Hierarchical representations in deep neural networks

Last updated: 18.03.2022

Short introduction: Explainability in AI and interpretability in Machine learning are very active areas. However, one of the key concepts in these domains, namely the hierarchical latent representations of deep neural networks and their characteristics, is far from being simple to understand. I propose here a brief definition, extracted from a scientific article. You can find the original article at this link and cited at the end, 

One key property of the Representation learning domain in deep neural networks is the ability to provide both high-level features and low-level features for the same learned data. Recall that a deep neural network will encode a latent representation at each hidden layer. Since the layer n units can be all or partially connected to the layer n + 1 units, each layer uses the previous layer as input. If the previous layer is a hidden layer, then the input is already a latent representation, i.e. an abstract feature representation that characterizes the data. Thus, each layer extracts an abstract feature representation of the previous layer. As a result, a deep neural network learns multiple levels of abstraction and implicitly encodes a hierarchy of latent and abstract representations that are built progressively, layer by layer. The layers that are close to the input layer will encode a low-level feature representation, whereas those deeper inside the architecture will encode a high-level feature representation.

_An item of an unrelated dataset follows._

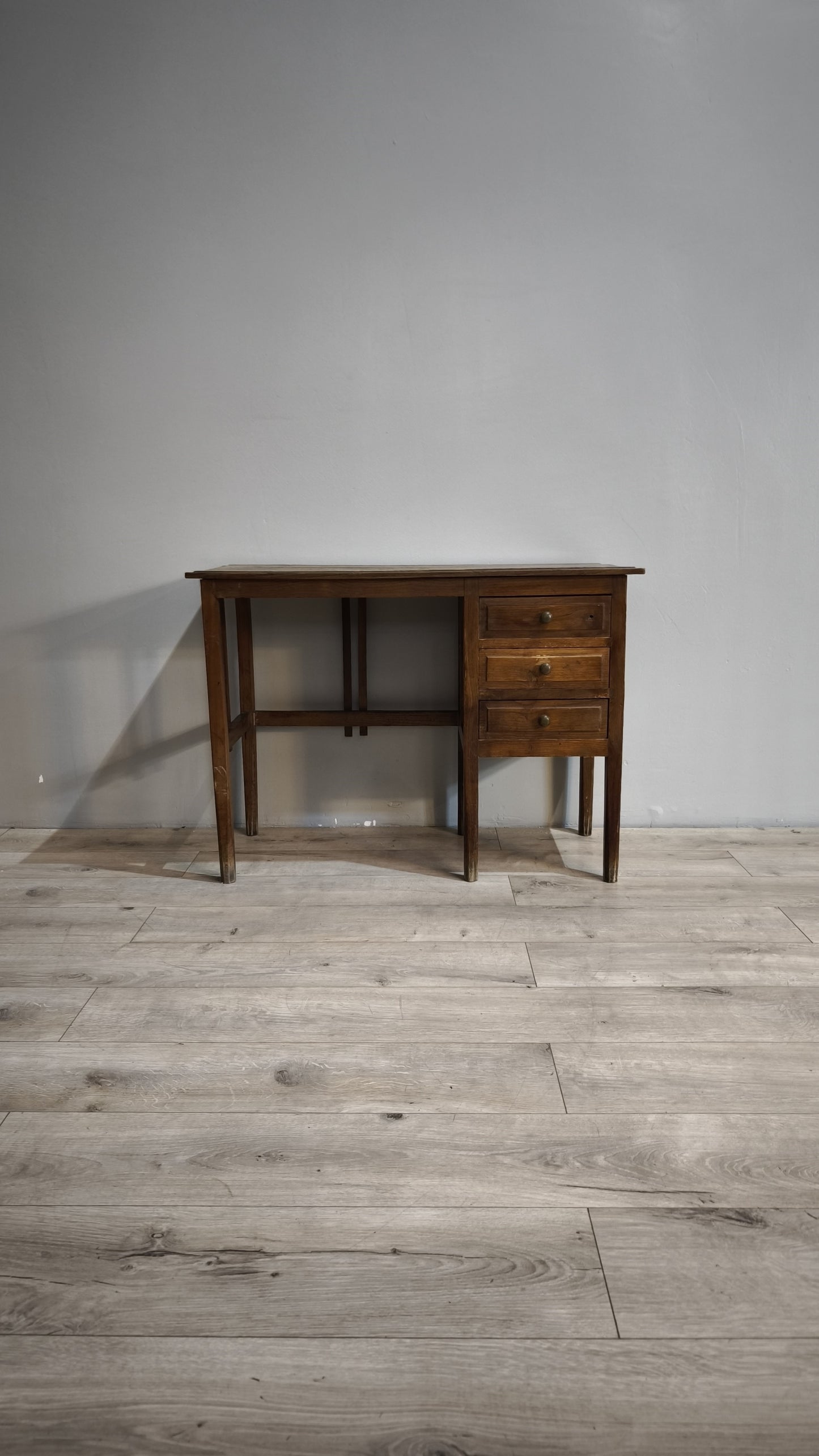 84577 Piccolo scrittoio in legno con tre cassetti laterali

In other words, the closer the considered layer is to the output layer, the more the representation is abstract [Bengio et al., 2013; Zhong et al., 2016; Lesort et al., 2018], as represented in the figure below.

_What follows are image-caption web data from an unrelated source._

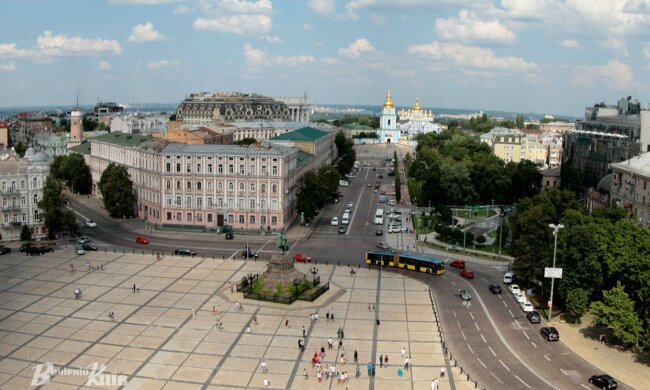 Ввечері на Софійській площі читатимуть поезію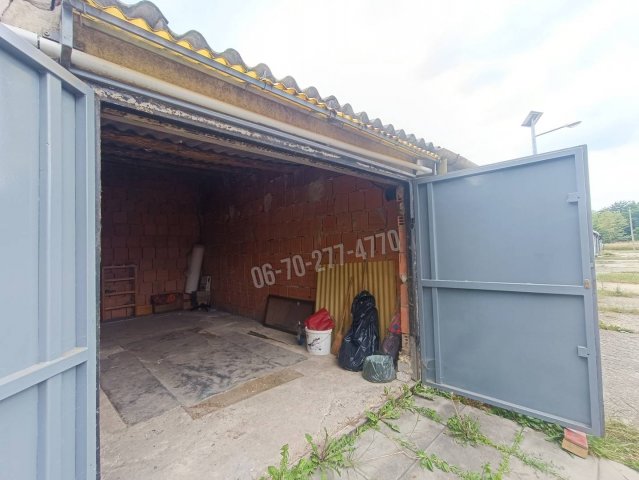 Eladó garázs, Oroszlányban, Mindszenti utcában 3.8 M Ft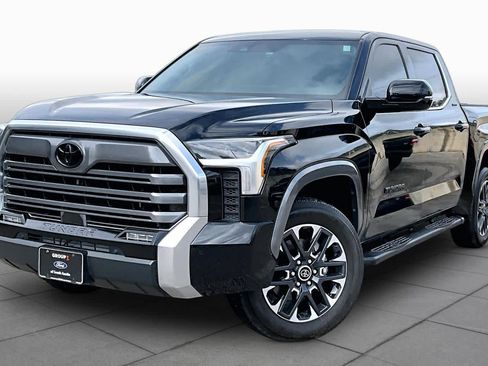 Used 2024 Toyota Tundra Limited w/ Power Package AWD/4WD image 35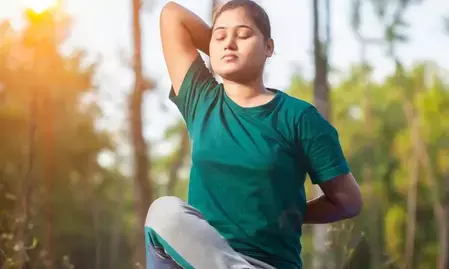 मन को शांत करना चाहते है तो करे गोमुखासन, जानें इसके फायदे मन को शांत करना चाहते है तो करे गोमुखासन, जानें इसके फायदे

Illustrative and schematic representation of the position of a low level representation and a high level representation in a deep neural network. hx refers to the x th hidden layer in the network.

It has also been shown that, in deep learning algorithms, hidden representations tend to keep dominant information and propagate them across hidden layers, regardless of the width or depth increase of the deep neural networks [Nguyen et al.,2021]. This characteristic of RL is also a key one for XAI: by extracting and comparing the low-level and the high-level representations of a deep architecture, we consider that it is possible to explicit the inner mechanism of the architecture by observing the differences between the representations

To cite this article, please cite the original scientific paper: 

Ikram Chraibi Kaadoud, Lina Fahed, Philippe Lenca. Explainable AI: a narrative review at the crossroad of Knowledge Discovery, Knowledge Representation and Representation Learning. Twelfth International Workshop Modelling and Reasoning in Context (MRC) @IJCAI 2021, Aug 2021, Montréal (virtual), Canada. pp.28-40. ⟨hal-03343687⟩


  • [Bengio et al., 2013]  Y. Bengio, A. Courville, and P. Vincent. Representation learning: A review and new perspectives. IEEE transactions on pattern analysis and machine intelligence, 35(8):1798–1828, 2013.
  • [Lesort et al., 2018] Timothee Lesort, Natalia DiazRodriguez, Jean-Franc¸ois Goudou, and David Filliat. State Representation Learning for Control: An Overview. Neural Networks, 108:379–392, December 2018.
  • [Nguyen et al.,2021] Thao Nguyen, Maithra Raghu, and Simon Kornblith. Do wide and deep networks learn the same things? Uncovering how neural network representations vary with width and depth. In 9th International Conference on Learning Representations, Virtual Event, Austria, May 3-7, 2021. OpenReview.net, 2021.
  • [Zhong et al., 2016] Guoqiang Zhong, Li-Na Wang, Xiao Ling, and Junyu Dong. An overview on data representation learning: From traditional feature learning to recent deep learning. The Journal of Finance and Data Science, 2(4):265–278, 2016.